Virginia Department of Transportation crews are cutting through roadside vegetation so motorists, cyclists and pedestrians have a clear view of where they are going – and can get there safely.
Crews are also pruning trees, cutting brush and removing litter.
“We never compromise on motorist safety,” said VDOT Commissioner Charlie Kilpatrick. “Roadside maintenance – including mowing to control vegetation in VDOT’s right of way – is one way we keep Virginia’s roads safe for motorists and summer travelers.”
Motorists approaching slow-moving mowing operations should reduce their speed, stay alert and move into the opposite lane where possible when approaching the work zone.

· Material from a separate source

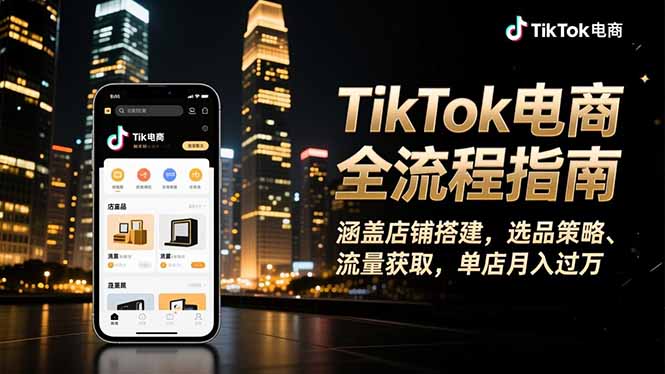 TikTok电商全流程指南，涵盖店铺搭建、选品策略、流量获取，单店月入过万-宝藏屋创业网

These courtesies allow VDOT crews space to work efficiently without worry for their safety or that of approaching motorists.
“We ask all drivers to watch for VDOT employees and contractors operating the mowers and other equipment along the interstate medians and other roadsides,” said Kilpatrick. “Please consider these crews ‘mobile work zones’ and drive cautiously around them.”
VDOT maintains 58,000 miles of roads in Virginia and manages vegetation on state-maintained right of way only, which includes along interstates and most primary and secondary roads.
The department will follow these general mowing guidelines, based on weather conditions, which affect vegetation growth rate:
• Roadsides along interstates, primary roads and high-volume secondary routes are scheduled to be mowed three times through late October. Litter will be removed at the same frequency.
• Roadsides along low-volume primary and most secondary routes are scheduled to be mowed twice through late October.
• Roadsides along unpaved routes and low-volume subdivision streets are scheduled to be mowed once through late October, unless safety issues require more frequent attention.